# Now we in trouble



## fist of fury (Sep 27, 2002)

So this is how the rest of the world views Americans.

http://sherm.20megsfree.com/burgerking.swf


----------



## Cthulhu (Sep 27, 2002)

Be afraid.

Be very afraid.


Cthulhu


----------



## Kirk (Sep 27, 2002)

Warning!  It's catchy!


----------



## artful dodger (Sep 27, 2002)

That's exactly how we see Americans, ( she says safely down here in NZ where you can't get me)!

Desiree.
P.S Just joking, kind of.
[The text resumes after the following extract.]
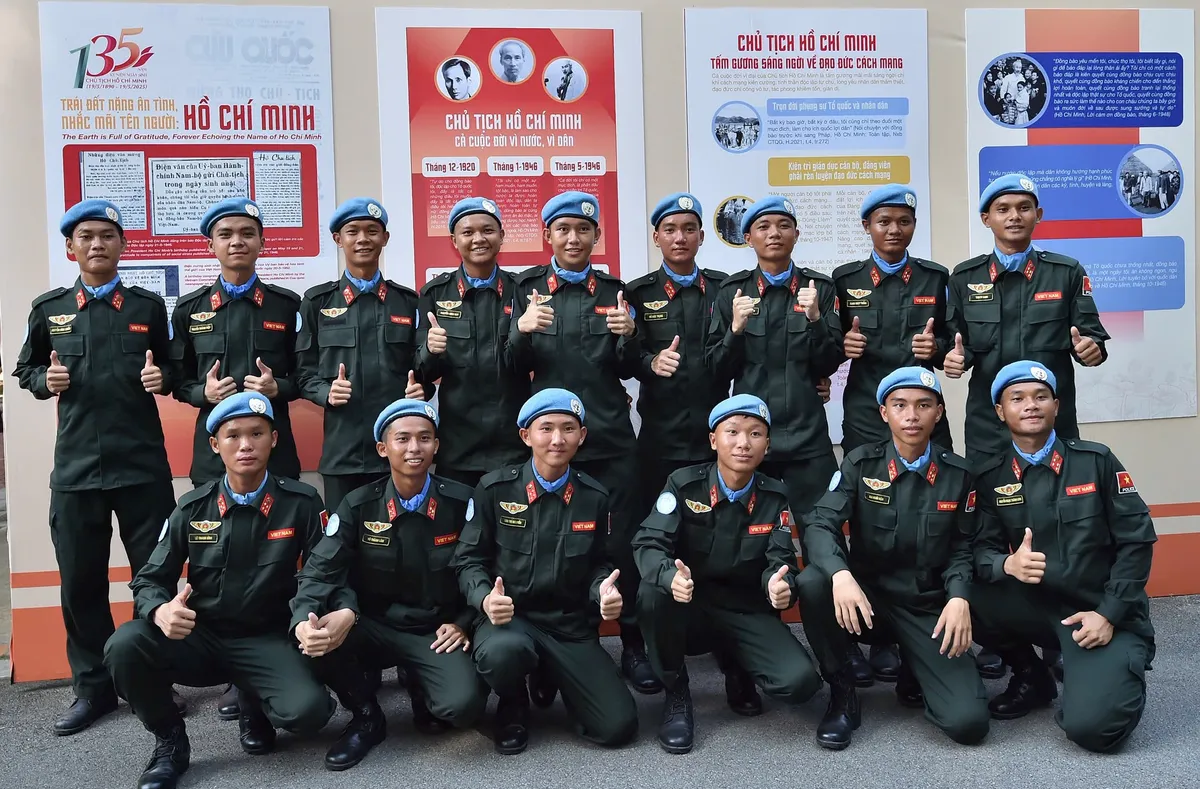 Lực lượng diễu binh, diễu hành A80 dâng hương Chủ tịch Hồ Chí Minh - Ảnh 1.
And don't try and tell me you thought only sheep lived in NZ.


----------



## Bob Hubbard (Sep 27, 2002)

I think I worked there once........  SHUDDER!


----------



## Rob_Broad (Sep 27, 2002)

That is hilarious!!:rofl: :rofl: :rofl:


----------



## Kirk (Sep 27, 2002)

Well now everyone knows what Fist of Fury looks like, and where
he works :-D


----------



## Rich Parsons (Sep 28, 2002)

> _Originally posted by artful dodger _
> 
> *That's exactly how we see Americans, ( she says safely down here in NZ where you can't get me)!
> 
> ...



The Deer in NZ are nice also  
Very Beautiful, in particular the south island.


This site though is very scary and ugly.
I will be sure to share it with all my frineds at work. 
 

Rich


----------



## mysticalwaves (Oct 15, 2002)

hehehe that is a good one it very funny 

:roflmao:                  :roflmao:               :roflmao:


----------